Perceiving her as a radical of noise and automation, Mr. Martin (Peter Sellers) embarks on a plan — stolen from a movie he watches — to perform the perfect murder. This leads to the comic highlight, in which his various attempts echo the best-laid plans of Preston Sturges’ Unfaithfully Yours (1948). The film ends as the story does, but softens the blow with a little more sentiment.
Although its title bluntly reduces the battle along gender lines, the story’s updates and transferences make two other battles equally clear: between America and the Old World, and between the modern and traditional.

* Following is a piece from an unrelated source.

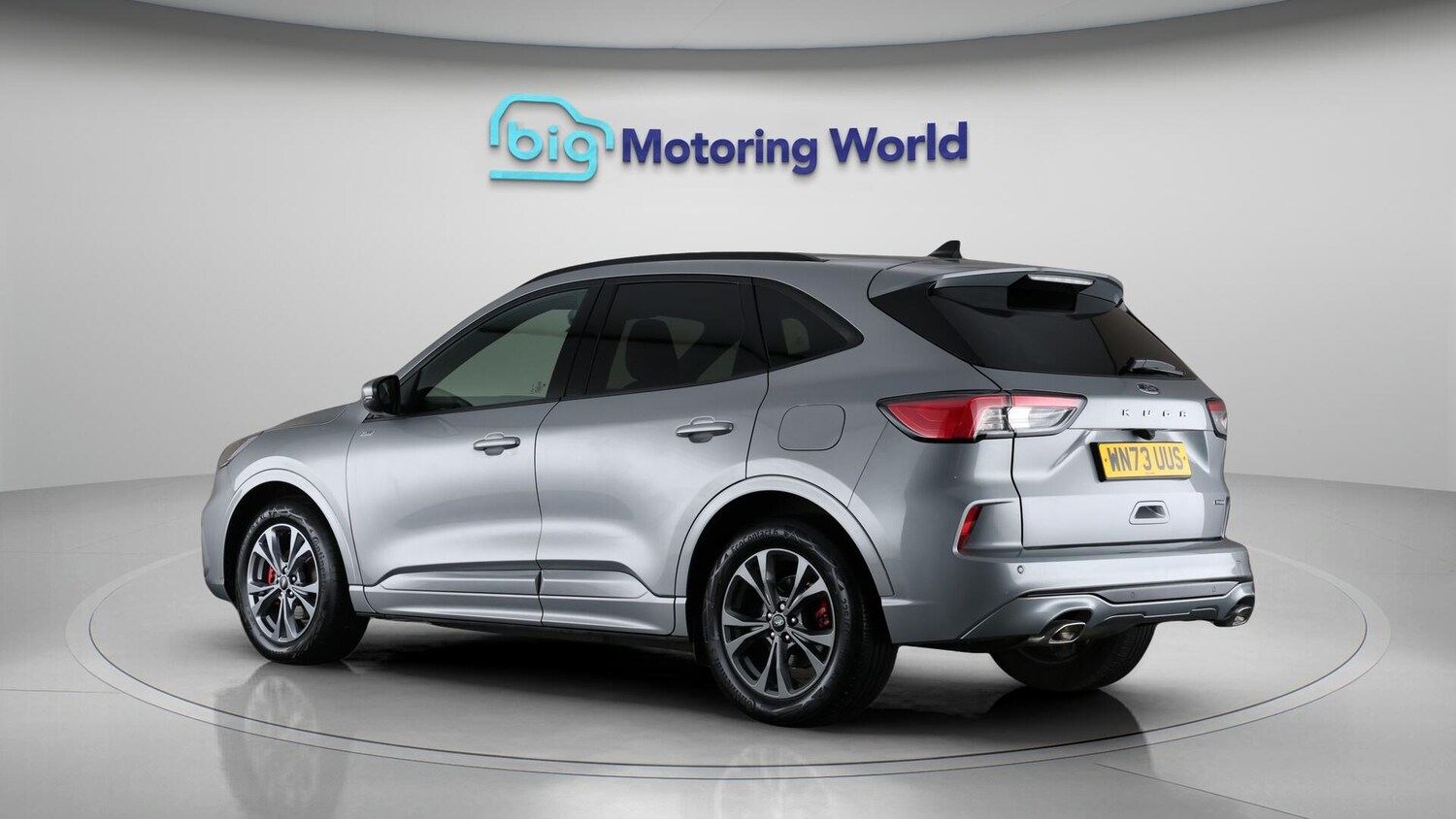 Used Ford Kuga 2023 for sale - 75927282: Photo 6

The woman is seen not only as female, but as specifically American and modern, therefore loud and sharp and efficient and up to date — none of which are welcome to a hidebound, hierarchical, all-male, old-fashioned institution, although she’s clearly making herself pleasant to MacPherson.

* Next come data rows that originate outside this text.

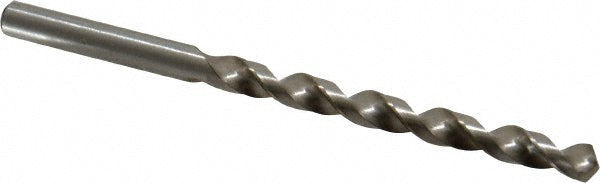 7/32" High Speed Steel Drill Bit, 118° point - Cleveland C03055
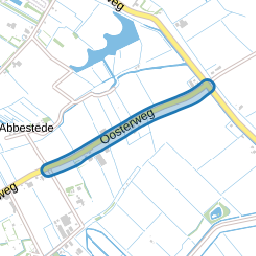 Oosterweg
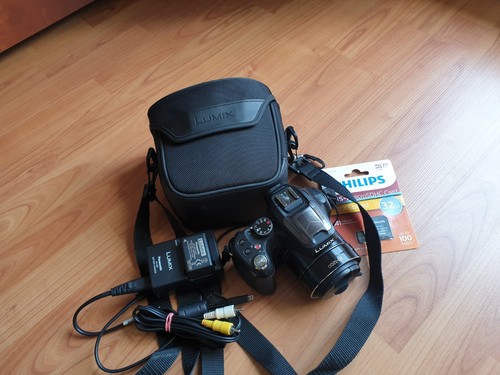 Appareil photo numérique - photo,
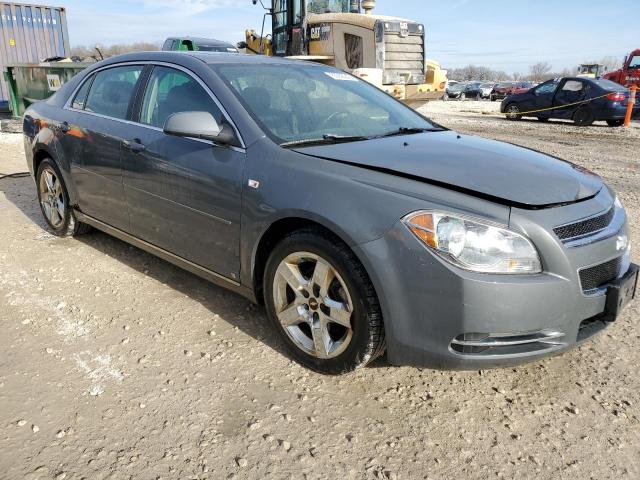 Photo 3 VIN: 1G1ZH57B384306904 - CHEVROLET MALIBU 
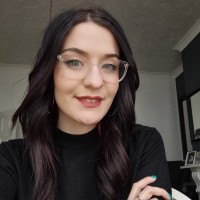 Human Made Employee Hannah Terrill's profile photo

Thanks to the narration and the reaction of supporting players like Donald Pleasence, the movie pushes most heavily on the misogynist theme. The irony is that while the divorced Mrs. Barrows might be a fish out of water, many of her ideas (like the intercom and adding machines) aren’t unreasonable. Her push to innovate machine-made synthetic fibers is treated as a crass sacrilege, but she’s only bringing news of the outside world that would probably increase production and profits (at the expense of built-to-last quality). She does represent a conundrum.
As played by Cummings (who appeared in previous films by writer-producer Monja Danischewsky), she’s not completely unsympathetic, especially during the last act. Played by a British actress, Mrs. Barrows is depicted as a peculiarly American species of loud, opinionated, self-confident woman, and the film plays upon fears that she’s taking over the world. While it’s convenient for the narrative to associate these things with the feminine in order to personalize the story, the American ways of production feared by the film don’t originate in gender roles, and the movie is really playing to local English (or Scots) resentments of new-fangled Yanks and their brash success. The sexual alibi is a sneaking strategy to make it “universal”, i.e., playable in American theaters.
Danischewsky, whose family fled the Russian Revolution, worked for Ealing and other British studios. His career shows a trend for writing and/or producing comedies with a streak of anti-authoritarian rebellion (Whiskey Galore in 1949, Rockets Galore in 1957), undermining of middle class life (Meet Mr. Lucifer, a 1953 comedy on the evil of television), or a focus on outright crooks (the 1964 heist film Topkapi).
Made by the independent Bryanston Films, The Battle of the Sexes is right in line with these films, and also with director Charles Crichton’s own themes. His most famous Ealing comedy, The Lavender Hill Mob (1951), is also about a meek and unassuming clerk who quietly becomes a criminal mastermind, while 1958’s Law and Disorder pits a resolute career criminal (Michael Redgrave) against a judge (Morley). The Titfield Thunderbolt (1953) follows a community’s effort to preserved its quaint traditions in the face of the efficient and dehumanized modern world. Finally, Crichton’s output has a streak of cruelty, most obvious in A Fish Called Wanda (1988).
Crichton directs in a quietly beautiful style. Never has stuffy claustrophobia looked so sharp and smooth, as shot by Freddie Francis and edited by Seth Holt, who would both be directing horror films by the end of the decade. Also in the film are Scottish actor James Clark and, in a cameo as the dying elder MacPherson, Ernest Thesiger of The Bride of Frankenstein (1935). Kino Lorber’s Blu-ray offers a great-looking print without extras.